UWLalloc preferentially allocates memory blocks with the least allocation frequency for the purpose of wear leveling. Specifically, the memory blocks in free lists are ordered by worst wear count (the maximal wear count among the constituent basic memory blocks), therefore, we only need to consider the head block when picking one out from a free list. The steps of allocation are as follows:

- Upon a memory request, UWLalloc calculates the number of basic memory blocks needed for allocating, then selects the free list with the best fit size and returns the first memory block.
- If the corresponding list is empty, the lists with larger sizes will be searched, and a larger free block will be split.
- If none is found in all lists, a new memory area will be allocated from the free zone of requested memory, where the memory has never been allocated yet.
- On condition that the free zone memory space is insufficient and allocation still fails, more PCM pages will be requested from the operating system. In addition, the maximal memory space can be configured, and when memory usage approaches this ceiling, the wear limit will increased to recover those unallocable blocks
- At last, each allocated basic block's WC is increased by 1 and state is shifted from free to allocated.

#### C. Free algorithm

The simple less-allocated-first-out policy cannot satisfy our expectations for wear leveling. Memory requests sizes are nonuniform distributed in the actual situation, which leads to a few free memory lists become hot lists. A few memory areas will still be worn out prematurely. To deal with this matter, UWLalloc limits the allocation times of each basic memory block. Each time a memory area is released, UWLalloc checks the wear count of each basic block. Blocks that reach to the wear limit will get isolated and become unallocable temporarily (see red block in Fig. 2). The remaining blocks are then merged with adjacent free and allocable blocks by checking the state list.

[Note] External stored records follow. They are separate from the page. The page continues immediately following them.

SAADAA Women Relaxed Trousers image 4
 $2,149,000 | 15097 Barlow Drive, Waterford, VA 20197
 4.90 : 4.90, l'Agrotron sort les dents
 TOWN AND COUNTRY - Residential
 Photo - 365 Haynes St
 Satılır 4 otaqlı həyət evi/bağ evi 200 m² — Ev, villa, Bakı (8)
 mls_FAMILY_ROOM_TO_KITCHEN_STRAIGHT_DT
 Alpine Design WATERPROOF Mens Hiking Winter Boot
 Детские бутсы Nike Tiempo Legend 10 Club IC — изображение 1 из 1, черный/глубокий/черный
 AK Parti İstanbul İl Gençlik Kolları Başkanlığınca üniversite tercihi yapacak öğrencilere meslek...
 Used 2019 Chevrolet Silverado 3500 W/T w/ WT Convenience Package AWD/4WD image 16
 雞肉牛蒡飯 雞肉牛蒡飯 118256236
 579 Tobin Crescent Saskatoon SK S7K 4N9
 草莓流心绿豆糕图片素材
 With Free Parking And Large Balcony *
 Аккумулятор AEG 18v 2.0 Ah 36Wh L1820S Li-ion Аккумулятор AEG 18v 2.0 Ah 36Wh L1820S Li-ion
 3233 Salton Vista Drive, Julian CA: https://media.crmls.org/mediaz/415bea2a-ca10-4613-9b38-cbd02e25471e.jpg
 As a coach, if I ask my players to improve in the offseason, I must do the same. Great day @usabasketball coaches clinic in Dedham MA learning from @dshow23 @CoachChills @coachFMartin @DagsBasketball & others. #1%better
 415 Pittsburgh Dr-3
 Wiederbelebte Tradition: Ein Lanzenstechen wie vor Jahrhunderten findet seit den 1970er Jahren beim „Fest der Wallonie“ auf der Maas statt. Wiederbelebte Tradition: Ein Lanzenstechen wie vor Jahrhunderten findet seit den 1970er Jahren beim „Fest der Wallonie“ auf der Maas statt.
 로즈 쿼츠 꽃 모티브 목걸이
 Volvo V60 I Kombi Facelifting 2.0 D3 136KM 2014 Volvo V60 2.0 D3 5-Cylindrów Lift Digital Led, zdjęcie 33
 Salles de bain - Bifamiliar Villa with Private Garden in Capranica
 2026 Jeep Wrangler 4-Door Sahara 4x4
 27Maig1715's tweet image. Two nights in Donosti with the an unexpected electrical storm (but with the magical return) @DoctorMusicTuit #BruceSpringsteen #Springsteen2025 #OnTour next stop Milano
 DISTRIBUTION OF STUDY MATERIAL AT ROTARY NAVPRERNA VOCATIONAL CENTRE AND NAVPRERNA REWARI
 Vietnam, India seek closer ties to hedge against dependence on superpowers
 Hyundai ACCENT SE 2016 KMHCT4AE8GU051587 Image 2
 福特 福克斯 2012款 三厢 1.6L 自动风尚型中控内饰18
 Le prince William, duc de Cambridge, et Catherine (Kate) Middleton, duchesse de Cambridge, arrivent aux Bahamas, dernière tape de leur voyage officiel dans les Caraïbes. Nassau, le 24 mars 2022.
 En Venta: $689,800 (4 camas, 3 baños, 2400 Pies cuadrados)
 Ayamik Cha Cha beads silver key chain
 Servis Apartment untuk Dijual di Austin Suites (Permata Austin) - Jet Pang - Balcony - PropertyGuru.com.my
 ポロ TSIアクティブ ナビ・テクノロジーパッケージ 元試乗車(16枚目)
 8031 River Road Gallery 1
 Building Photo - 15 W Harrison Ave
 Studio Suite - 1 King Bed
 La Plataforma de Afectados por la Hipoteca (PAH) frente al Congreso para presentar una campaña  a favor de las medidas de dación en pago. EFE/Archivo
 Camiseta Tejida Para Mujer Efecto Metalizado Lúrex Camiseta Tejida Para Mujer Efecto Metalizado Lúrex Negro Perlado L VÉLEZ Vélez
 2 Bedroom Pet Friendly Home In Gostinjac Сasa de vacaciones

# D. Major difference against existing wear leveling ware allocators

In literature, there are two wear leveling aware allocators, i.e., NVMalloc and Walloc. NVMalloc stipulates that a memory block should not be allocated twice within a time interval T, and its performance is highly sensitive to this parameter. Considering that the time patterns for different applications vary greatly from each other, it is difficult to determine an appropriate T in specific situations, as confirmed by experimental evaluation.

On the other hand, Walloc follows the less-allocated-firstout policy, and restricts the use of free lists whose average wear count exceeds a global threshold to keep them from being hot. However, some restricted blocks may become allocable accidentally when merged with the adjacent free blocks, resulting in an uneven wear inside some large size blocks, as confirmed by experimental evaluation.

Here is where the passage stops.